Excerpted data:

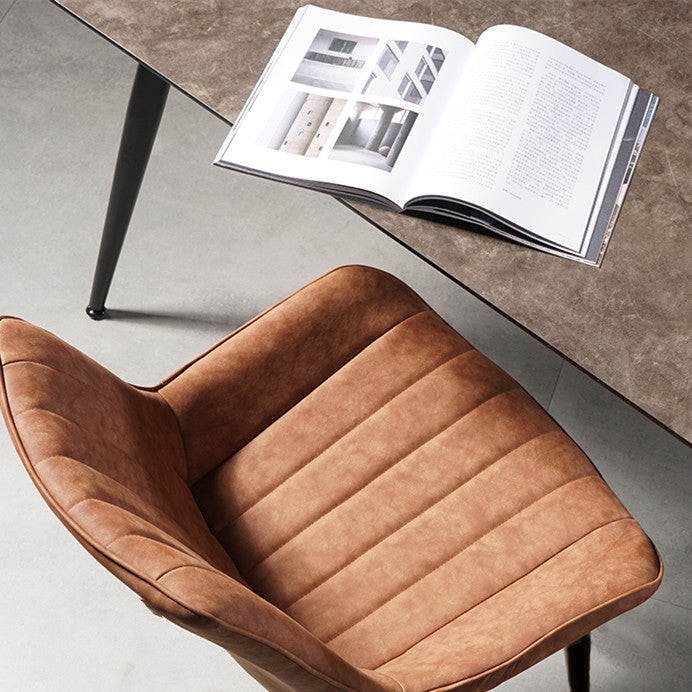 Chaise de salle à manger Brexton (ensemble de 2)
---
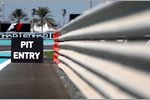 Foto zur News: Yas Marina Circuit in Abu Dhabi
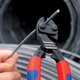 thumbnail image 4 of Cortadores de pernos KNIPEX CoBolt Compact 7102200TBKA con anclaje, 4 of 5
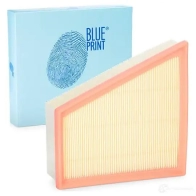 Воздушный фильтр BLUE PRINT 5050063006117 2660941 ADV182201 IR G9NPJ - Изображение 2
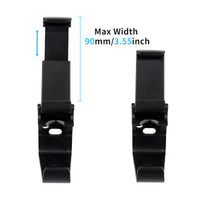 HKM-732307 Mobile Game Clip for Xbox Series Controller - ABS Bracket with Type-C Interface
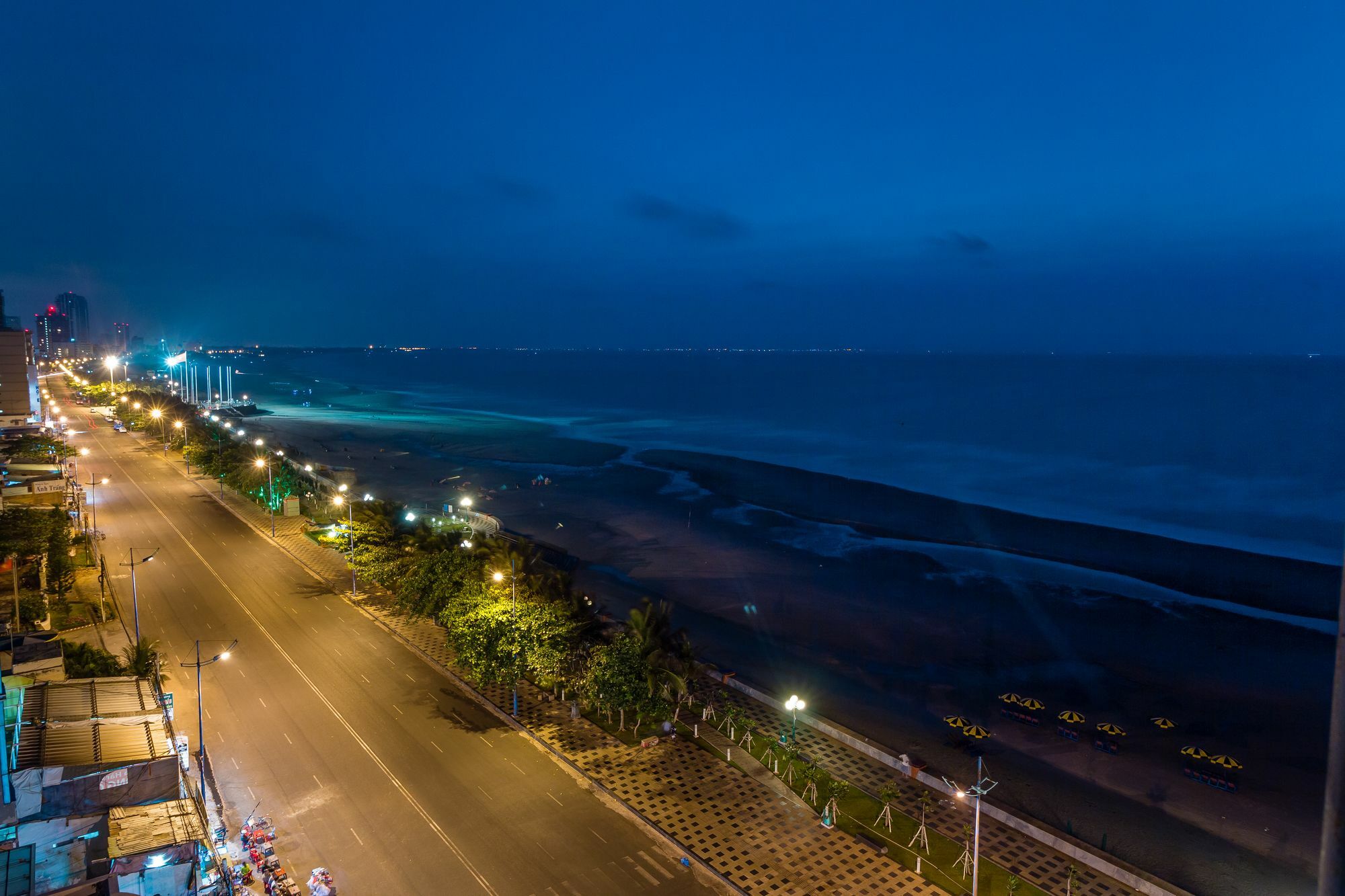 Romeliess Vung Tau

Your instructions: Work from the entries above. Set down exactly and only the lines from the line with "HKM-732307 Mobile Game" to the line with "Romeliess Vung Tau", both included, and leave the pictures out.

Task output:
 HKM-732307 Mobile Game Clip for Xbox Series Controller - ABS Bracket with Type-C Interface
 Romeliess Vung Tau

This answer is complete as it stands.